The Ashington district has proved a prolific recruiting ground in the present crisis. One of the best records is that of the five sons of Mr Samson Owens, a miner of 30 years’ standing in the colliery town, who have joined various units.

George Owens is in the Royal Naval Division, Thomas is in the Royal Naval Division, James is in Kitchener’s Army, Edward is in the Northern Cyclists’ Battalion (Ashington Co,), and Robert is in the 8th Battalion Northumberland Fusiliers.


Privates John and William Brown, sons of Mr James Brown, assistant harbour master, Blyth, have both been wounded in action in France, the former only slightly.
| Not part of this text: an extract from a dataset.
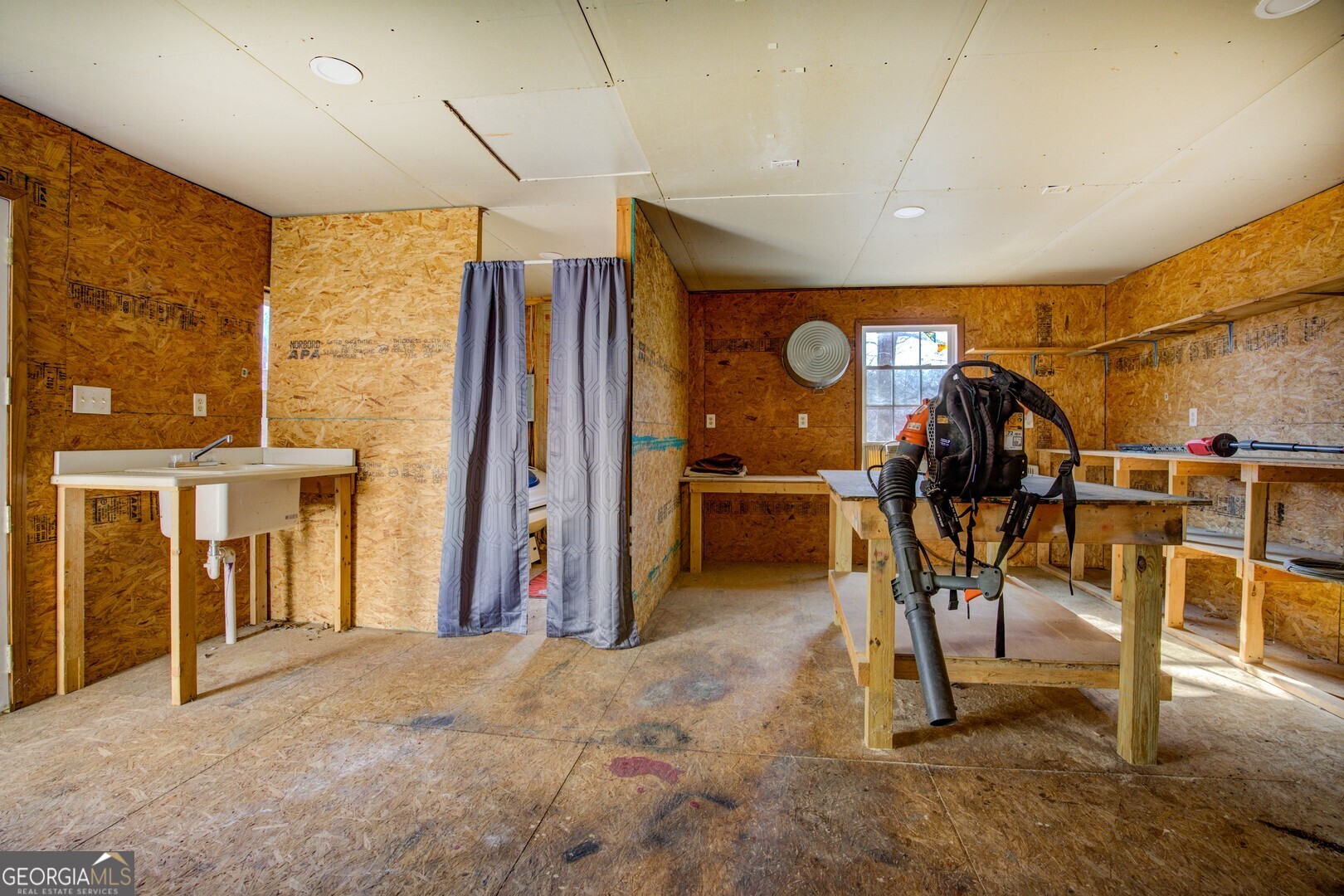 162 Collins Road Jackson, GA 30233 - Photo 69 of 77 a view of a room with gym equipment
The latter, who is wounded in the leg, is in hospital.


The stream of recruits continues to go from our local collieries. This week, at Bebside Colliery, there are 18 putters less, all of whom have joined the Navy.


Private P. Jennings, of the 1st Northumberland Fusiliers, writes to Mr J. Thompson, Waterloo, Blyth, as follows:—

“You ask how I spent my Christmas. Well, it was just like any other ordinary day. We had a small portion of Christmas pudding, and that was all. We cannot expect anything else under the circumstances.

Time and again I have no idea what day it is. It is a very trying life while one has it, and one never knows when it might be lost. We have to trust in God for a safe return.”


The Rev. Father Maurice Kelly, of Blyth, who was for some time priest at Bedlington, who volunteered for chaplain duty at the front, writing home to his mother, states that he has received his baptism of fire and that he is on duty within 200 yards of the firing line with huge shells flying over his head in both directions, and though these are invisible he can hear them screeching.

He states that he is billeted in a college, and he has for his constant companion whilst on duty a Church of England chaplain. In spite of the fighting, he says there are wonderfully few casualties where he is. So far only one man has been wounded and requiring attention, and he was a non-Catholic,

Father Kelly states that the first man to greet him on his arrival at the camp was a man from Maestog, where he spent some years of his ministry. The man had been sent to carry Father Kelly’s luggage and recognised him and extended greetings to him.